Local iwi member Te Awanuiarangi Black is excited by the announcement.
"Awesome. I mean it's a really good kaupapa. Really happy. The more that we can Māori up our localities and our environments, that's all good."
The 80m fibreglass waka, which was built for the 2011 Rugby World Cup, was bought from Auckland iwi Ngati Whatua ki Orakei.
Waka Māori, which acts as a pavillion, had a controversial start, becoming the political football of the 2011 Rugby World Cup after $1.9m in tax payer funds was sunk into it.
But after the rough start, it ended up successfully promoting Māori Rugby, trade and culture from its prime position anchored on Te Wero Island at Auckland's Viaduct.
Ngāti Whātua Ki Ōrākei Whai Maia's CEO Tupara Morrison said it didn't end there, with the waka garnering plenty of attention at the Emirates Team New Zealand base in San Francisco, where is has been for the past four years.
"We had 400,000 people go through in 2011, and again with Emirates Team New Zealand taking it to San Francisco, and alongside NZTE [New Zealand Trade and Enterprise], 300,000 people everyday crossing the Oakland Bridge and seeing it at Pier 32, at Team New Zealand's base."
But Mr Morrison said it was time to pass it to another group to enjoy.
Ngā Pōtiki hapu hasn't announced how the waka will be used but local Iwi member Te Awanuiarangi Black is still excited about its imminent arrival.
"I think it's important for Tauranga to establish its own Maori identity.
"We have all of these cruise ships, we have a lot of people that come, but there's nothing really to see where Maori are in the mix. I think something like this might just give that bit of an outlet.
While a giant waka on Tauranga's seascape might not appeal to everyone, Mr Black said the waka had the potential to set the city apart from others.
"Once we've got that and people start to see, 'Oh wow, you know, this Maori stuff isn't too bad' - then we're on to the winning straight."
The waka was dubbed Tuppawaka or Plastic waka by former MP Shane Jones but Mr Morrison said it was crafted from quality award-winning materials, giving it a lifespan of about 20 to 25 years
"It's 82m long, and it's crafted from laminated timber and it's covered with this white membrane skim.
"It actually won the 2012 Industrial Fabric Association's international award for excellence at their expo, in Boston."
Waka Māori is currently on its way home from San Francisco.
Mr Morrison said when it arrived home it would be prepared for a significant ceremony where its mauri, or lifeforce, will be passed over.
"When it went to San Francisco, we sent a delegation of our kaumatua with it.
"When the waka arrives back in New Zealand, our kaumatua will give the blessing for the waka to move on, and we'll do that in conjunction with the local mana whenua."
Mr Black said the two iwi had a long history and the waka would be another connection.

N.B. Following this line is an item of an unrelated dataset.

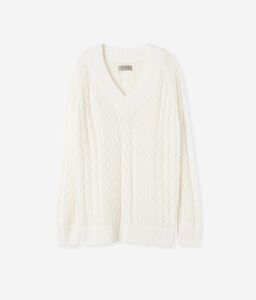 Oversized V-Neck Sweater in Cable-Knit Mohair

"It's not about buying a canoe. It's about us connecting again as whanau, that hopefully our mokopuna there know that all of those are there, because this is our way of retaining and maintaining that whanangatanga into the future."
No one would say how much Waka Māori was bought for but it cost about $2 million to make and run, of which the tax payer paid $1.9m.
Other government investments at the time it was built were the World Cup Cloud and the Giant Football which cost $14.6m combined.